In persons with structural lung disease, particularly those with cystic fibrosis (CF), chronic airway infections cause progressive loss of lung function. CF airways can be colonized by a variety of microorganisms; the most frequently encountered bacterial and fungal pathogens are Pseudomonas aeruginosa and Aspergillus fumigatus, respectively. Co-infection with P. aeruginosa and A. fumigatus often results in a more rapid loss of lung function, indicating that interactions between these pathogens affect infection pathogenesis.
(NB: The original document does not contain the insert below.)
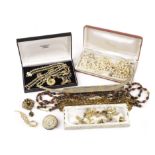 A collection of costume jewellery, including a malecite brooch, two white metal brooches, cufflinks,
There has been renewed interest in the use of viruses (bacteriophage, mycoviruses) as alternatives to antibiotics to treat these infections. In previous work, we found that filamentous Pf bacteriophage produced by P. aeruginosa directly inhibited the metabolic activity of A. fumigatus by binding to and sequestering iron. In the current study, we further examined how filamentous Pf bacteriophage affected interactions between P. aeruginosa and A. fumigatus. Here, we report that the antifungal properties of supernatants collected from P. aeruginosa cultures infected with Pf bacteriophage were substantially less inhibitory towards A. fumigatus biofilms. In particular, we found that acute infection of P. aeruginosa by Pf bacteriophage inhibited the production of the virulence factor pyoverdine. Our results raise the possibility that the reduced production of antimicrobials by P. aeruginosa infected by Pf bacteriophage may promote conditions in CF airways that allow co-infection with A. fumigatus to occur, exacerbating disease severity. Our results also highlight the importance of considering how the use of bacteriophage as therapeutic agents could affect the behavior and composition of polymicrobial communities colonizing sites of chronic infection.